INPUT FOR THIS TASK ::

== Segment start ==

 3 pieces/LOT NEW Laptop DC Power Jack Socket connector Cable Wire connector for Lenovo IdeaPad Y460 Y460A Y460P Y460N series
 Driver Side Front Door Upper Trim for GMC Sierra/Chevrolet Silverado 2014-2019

== Segment end ==
== Segment start ==

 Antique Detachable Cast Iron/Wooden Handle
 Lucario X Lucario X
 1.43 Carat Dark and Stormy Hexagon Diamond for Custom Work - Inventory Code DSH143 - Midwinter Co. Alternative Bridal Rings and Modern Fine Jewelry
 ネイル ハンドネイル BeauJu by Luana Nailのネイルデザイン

== Segment end ==
== Segment start ==

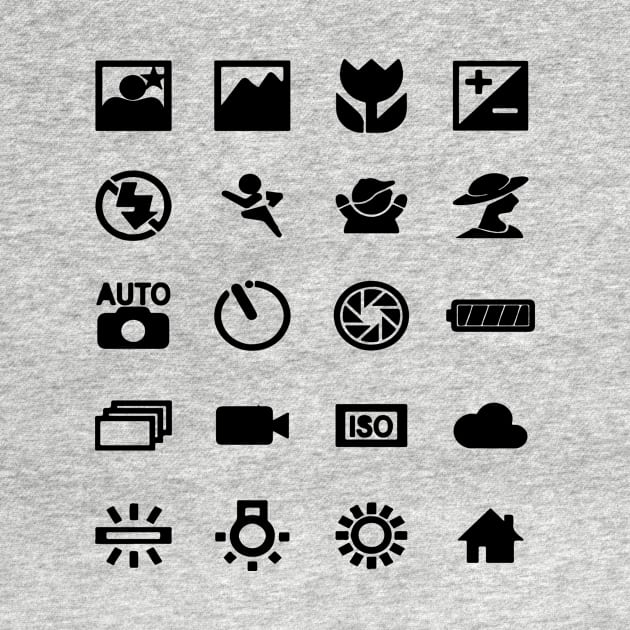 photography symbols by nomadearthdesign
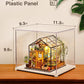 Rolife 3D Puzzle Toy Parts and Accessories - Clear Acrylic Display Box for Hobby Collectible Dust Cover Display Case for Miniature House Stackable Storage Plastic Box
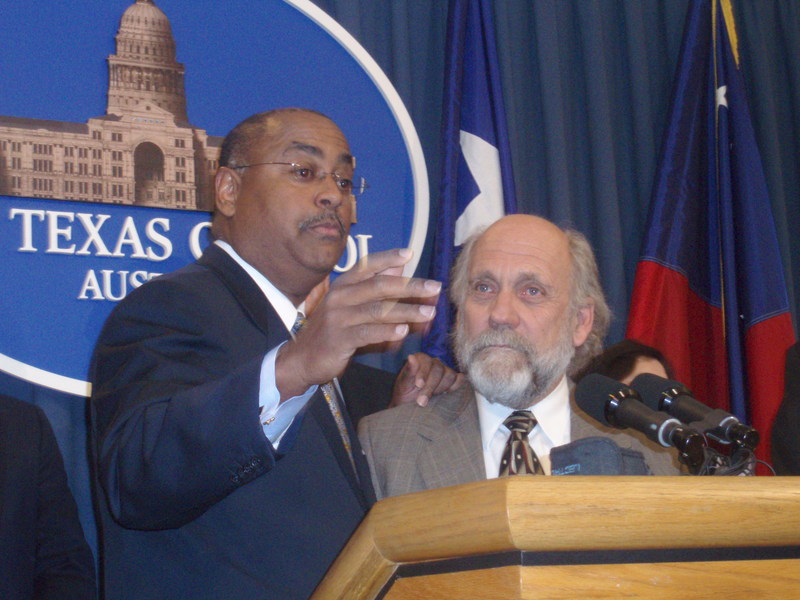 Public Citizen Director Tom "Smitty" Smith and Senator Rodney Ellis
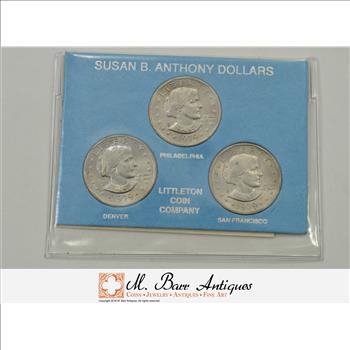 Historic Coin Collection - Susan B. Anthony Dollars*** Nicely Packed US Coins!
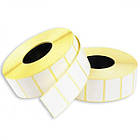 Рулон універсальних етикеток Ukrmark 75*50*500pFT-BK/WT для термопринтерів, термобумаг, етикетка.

== Segment end ==

TASK DETAILS ::
Nothing but the lines above from the one that has "Historic Coin Collection" down to the one that has "Рулон універсальних етикеток" belongs in the answer, copied exactly, without pictures.

EXERCISE RESULT ::
 Historic Coin Collection - Susan B. Anthony Dollars*** Nicely Packed US Coins!
 Рулон універсальних етикеток Ukrmark 75*50*500pFT-BK/WT для термопринтерів, термобумаг, етикетка.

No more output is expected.